Output the full listing below exactly; the images stay out.

# Data extract
=== Section Start ===
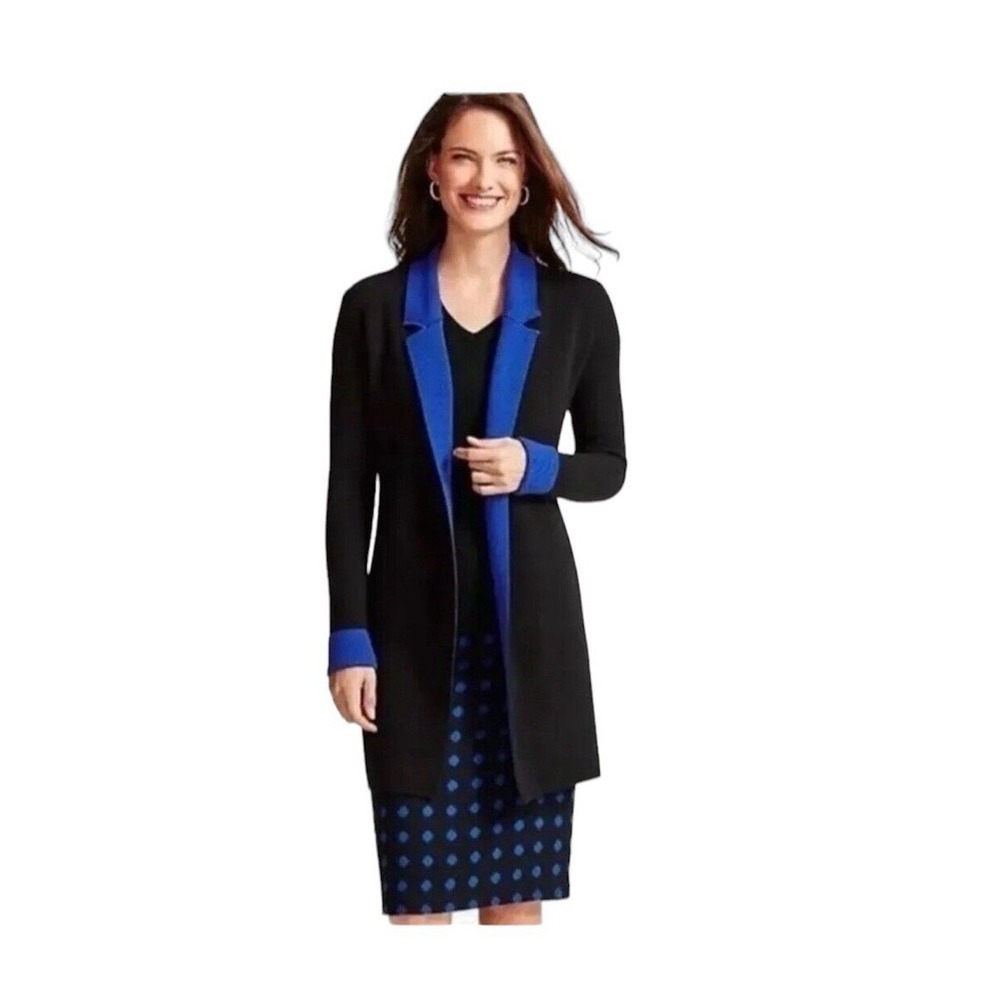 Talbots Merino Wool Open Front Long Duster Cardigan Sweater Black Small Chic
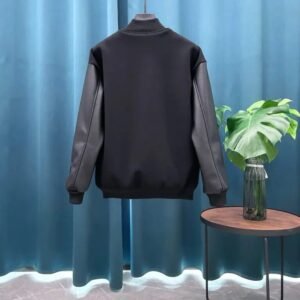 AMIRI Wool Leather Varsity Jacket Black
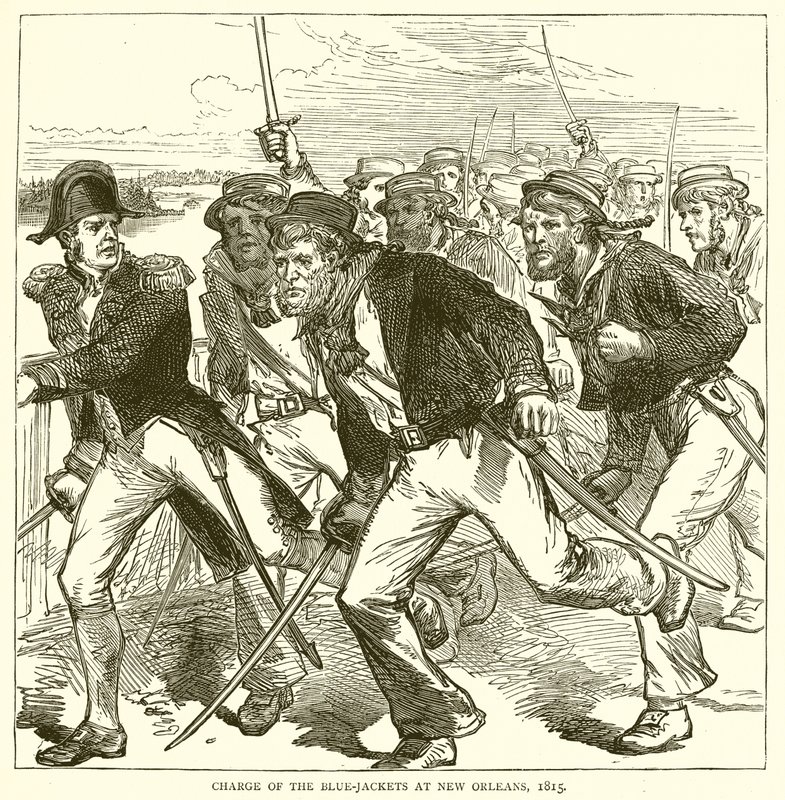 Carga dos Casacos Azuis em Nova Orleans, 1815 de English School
=== Section End ===
# Result
 Talbots Merino Wool Open Front Long Duster Cardigan Sweater Black Small Chic
 AMIRI Wool Leather Varsity Jacket Black
 Carga dos Casacos Azuis em Nova Orleans, 1815 de English School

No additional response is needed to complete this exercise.